From: Asmus Freytag <>
Date: Fri, 30 Mar 2012 22:52:36 -0700

On 3/30/2012 5:36 PM, Philippe Verdy wrote:
> Le 30 mars 2012 20:08, Julian Bradfield<> a écrit :
>> On 2012-03-30, Andreas Prilop<> wrote:
>>> I think a better idea is to have joining glyphs always even for
>>> different typefaces. At least the Unicode Standard should say
>>> what should happen when Arabic characters of different typefaces
>>> follow each other.
>> How can it? Unicode is about plain text. As soon as you start talking
>> about different typefaces, you're out of scope.
> Not really. Even if there is only one typeface involved, the joining
> behavior of Arabic letters is normative and in scope.

The discussion was about joining about typeface boundaries, which is
nonsense, of course.

In order to make characters "join", the glyphs for each have to be
designed to allow
such "joining". In cases where the join results in a ligature, it's
patently obvious that you
can't have a typeface boundary in the middle of a ligature....

Now there's always something that renderers could do to provide
fall-back solutions.
For example, they could see whether one or the other typeface has the
full ligature
and arbitrarily move the boundaries of the typeface runs. For a
"mandatory" ligature
like "lam-alif" that might almost be reasonable. (Just as fallback
rendering of diacritics
is somewhat reasonable).

However, I rather have layout engines that work really well in sensible
cases, then tryiing
to cover weird situations ("ransom notes"). that don't (or shouldn't)
occur in practice.

That said, some aspects of script rendering are of course in scope for
the Unicode Standard.

The natural scope for Unicode derives from character identity.

Characters are encoded to represent certain entities in text.

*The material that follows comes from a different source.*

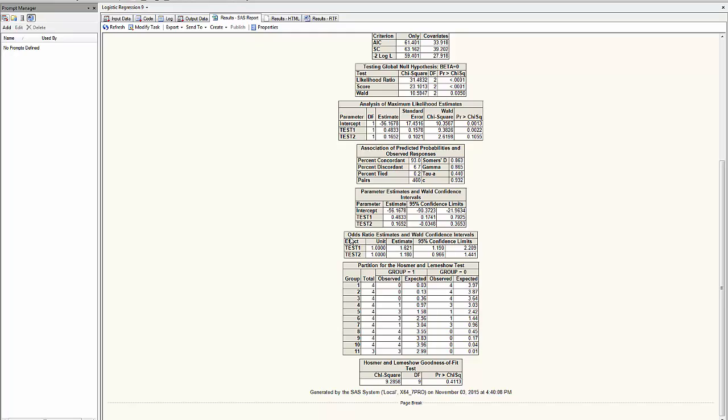The odds ratio estimate that is given here could be interpreted as the odds ratio of 1.6 to 1 signifies that an increase of 1 point in test1 increase the odds that the employee will belong to group 0 by 1.6 to 1, similarly for test2.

For
characters that are
members of scripts this means that there is an understood relation
between character
sequences and words (or fragments of words) in a given writing system
that is supported
by that script.

If the lam alif ligature is "mandatory," that tells the user that the
character sequence for
this is expected to be <lam, alif> with no joiner character between the
two characters,
nor the use of any dedicated character code for the ligature.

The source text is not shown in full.